Potential outcomes include substantial statutory damages under the Copyright Act, a permanent injunction restricting future training on unlicensed news content, and disgorgement of profits — meaning OpenAI could be required to return earnings attributable to the infringing training data. A loss could accelerate mandatory licensing industry-wide and significantly raise the cost basis for training large language models. It could also trigger coordinated suits from other content categories currently underrepresented in licensing agreements.
How much do AI companies pay publishers for content licensing deals?
As of June 27, 2026, deal sizes vary widely. The average licensing arrangement is valued at approximately $24 million per year per publisher. At the high end, News Corp's deal with OpenAI exceeds $250 million over five years; Meta's arrangement with News Corp reaches up to $50 million annually. Smaller and regional publishers have generally not received formal licensing offers at any price — which is the central grievance of the 398-newspaper coalition filing this suit.

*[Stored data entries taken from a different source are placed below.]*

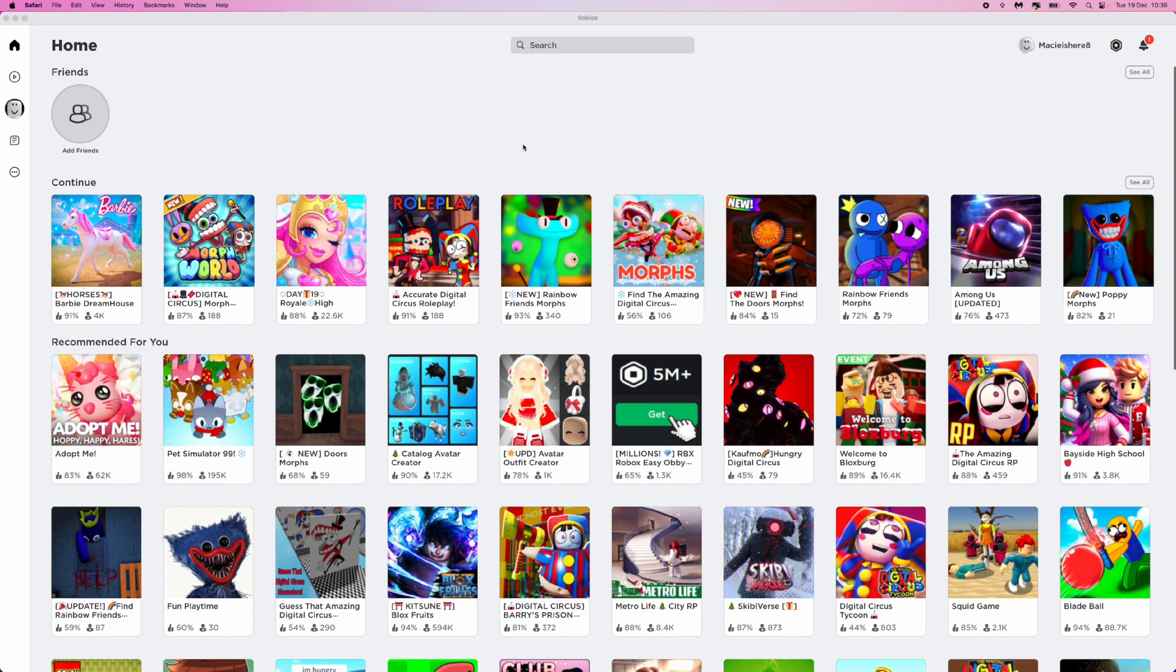First of all, once we are on our Roblox app and our Roblox main homepage here, what we need to do is come over to the left-hand sidebar here and then we want to scroll down until we see these three dots and click on this.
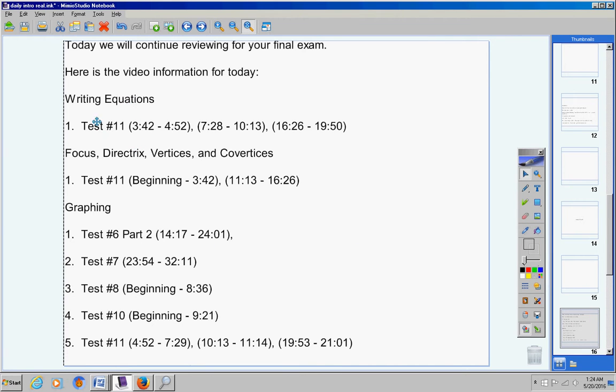Writing equations, these videos here. Focus, directrix, vertices, and co-vertices, these videos here. And then graphing. These are all the graphing problems that could possibly be on the exam.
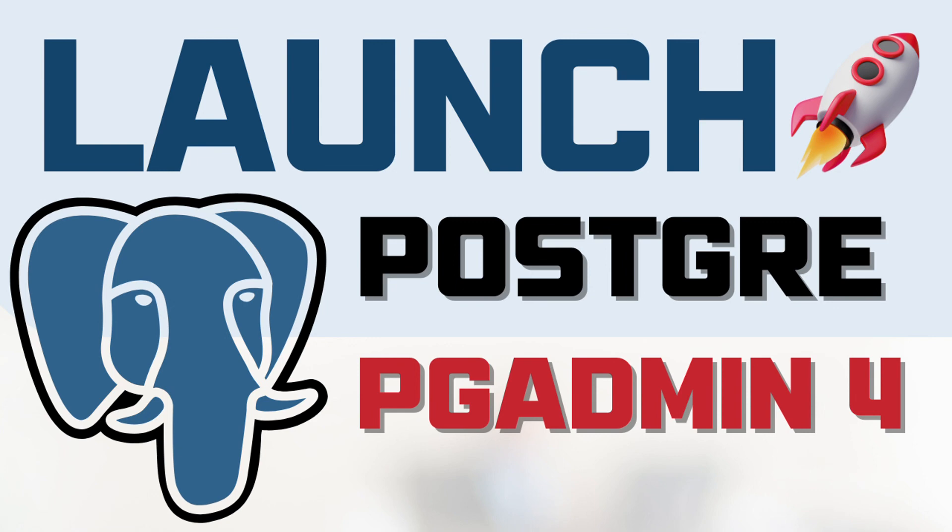In this playlist we have started exploring the other database which is called PostgreSQL. In the last video we saw how you can install PostgreSQL, and after that I am receiving queries that people have installed it but are finding it difficult to launch PostgreSQL.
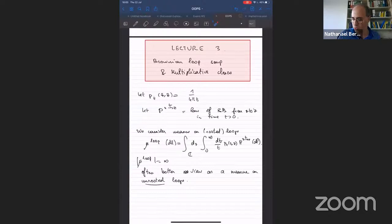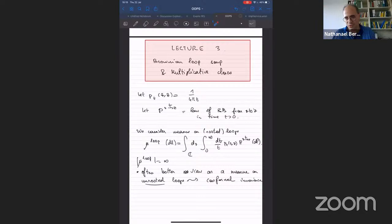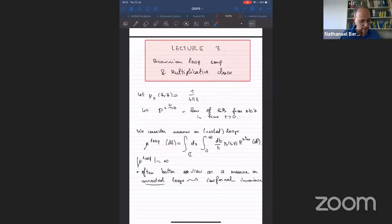One advantage of considering unrooted loops is that you get conformal invariance, which you don't have if you keep the root when applying a conformal map. The starting point of the loop is essentially uniform on the domain, and a conformal map does not transform uniform measure into uniform measure. So for conformal invariance, you need to forget about the starting point — and indeed you do get it.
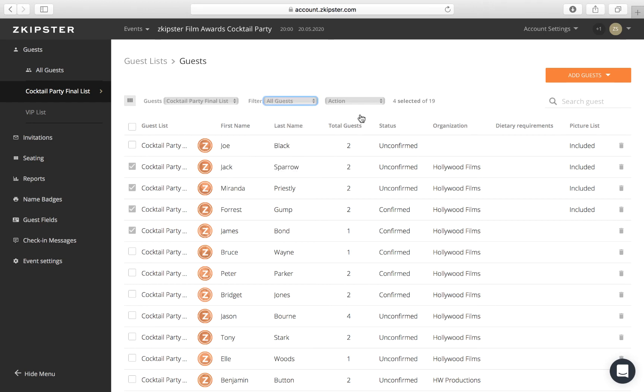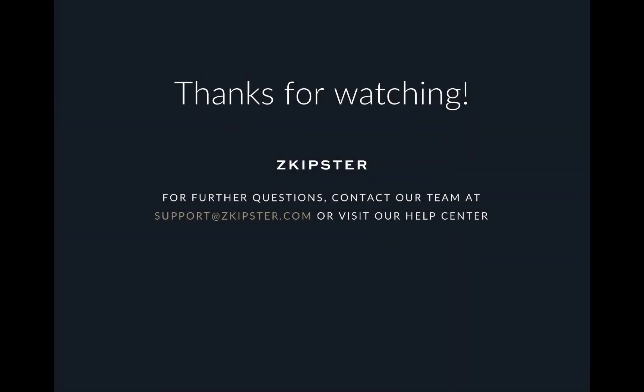Guest list export is also available from the Event Reports section on the left-side menu. Check our Help Center for more tutorial videos and articles. Thanks for watching!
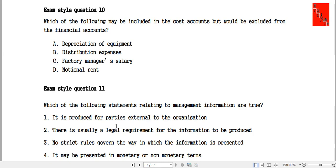Let's talk about the details of the financial accounts. We need to consider what belongs in cost accounts versus financial accounts, including past and future account considerations.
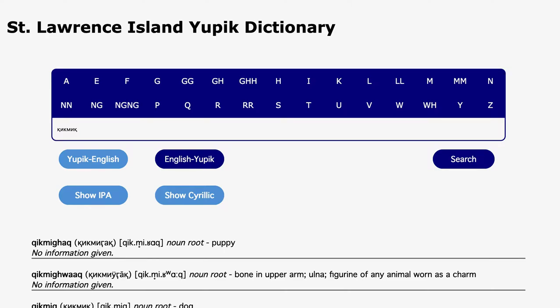In order to support use by Yupik speakers in Russia, we also support searches in the Yupik Cyrillic orthography. Here, the user has performed a search for the Yupik word for dog, written in Cyrillic.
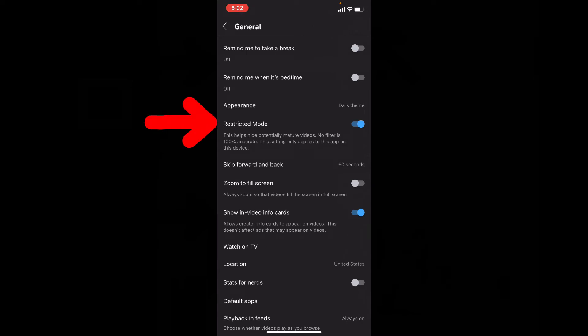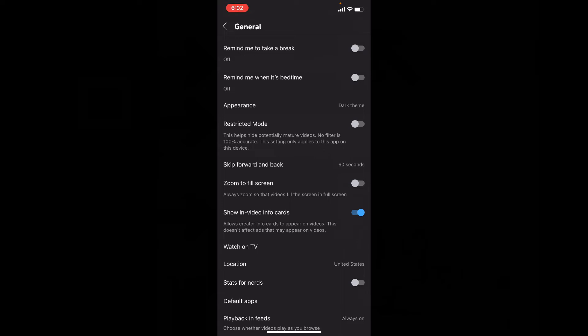You will find the Restricted Mode option. Just touch and turn it off. If Restricted Mode was turned on for that particular YouTube channel, you won't see any comments on any videos. It's actually a parental control feature.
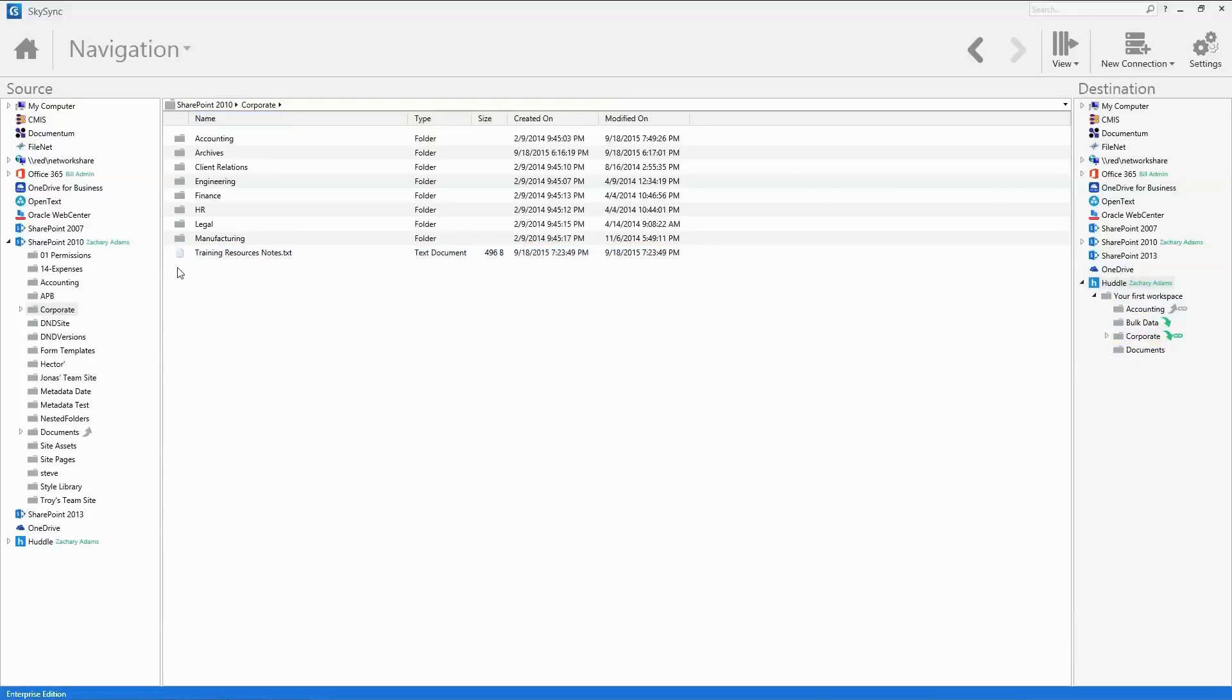However, the real power of SkySync is realized through the concept of a job. Jobs tightly integrate your existing storage systems to huddle while automatically managing all of the file transfer operations.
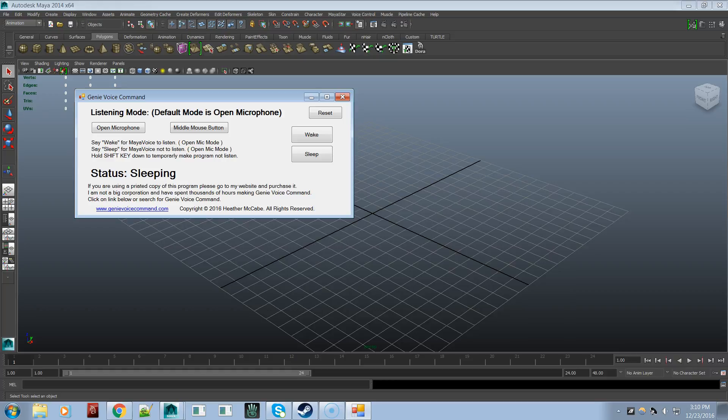And the two combined together can really speed up your workflow. The nice thing about Genie Voice Command is that you're fairly limited to a certain amount of being able to memorize different hotkeys and what they do. Most people, if they're lucky, can memorize 20 or 30 hotkeys. And then of course you've got to look down or feel the keys underneath your fingers and press the right combination.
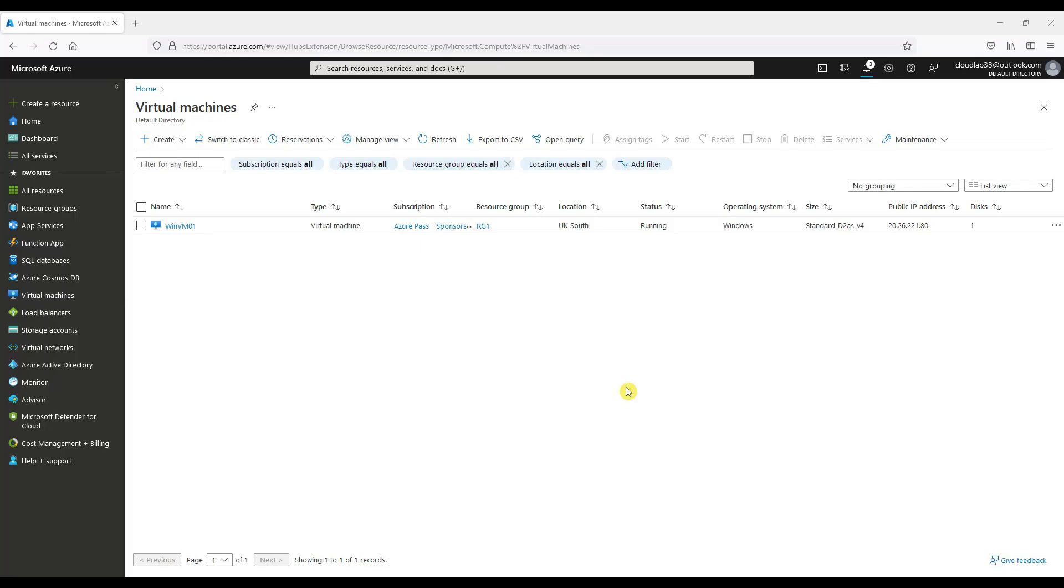Hello and welcome to the Cloud Inspired channel. This video shows a step-by-step guide on taking an Azure VM snapshot and restoring that snapshot to a new Azure virtual machine.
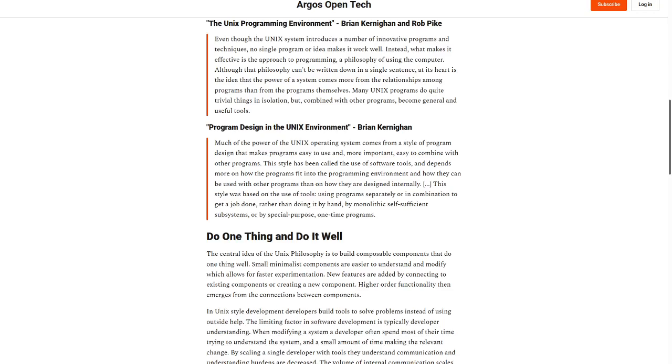Rather than doing it by hand, by monolithic, self-sufficient subsystems, or by special-purpose, one-time programs.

In my analysis, the most underreported dimension of this case is the settlement calculus. Former New Jersey AG Matthew Platkin called this "the largest legal effort led by local and regional newspapers" — and he's right on the count. But the more consequential outcome may not be a trial verdict. It may be a licensing template. If nearly 400 papers can collectively extract terms that approximate even a fraction of what major publishers command, they will have done what no single local newsroom could: forced a market price onto content that the AI industry has treated as free infrastructure. The legal proceedings are the mechanism. The market rate is the goal.
Disclaimer: This article is editorial commentary for informational purposes only and does not constitute legal or financial advice. Research based on publicly available sources current as of June 27, 2026.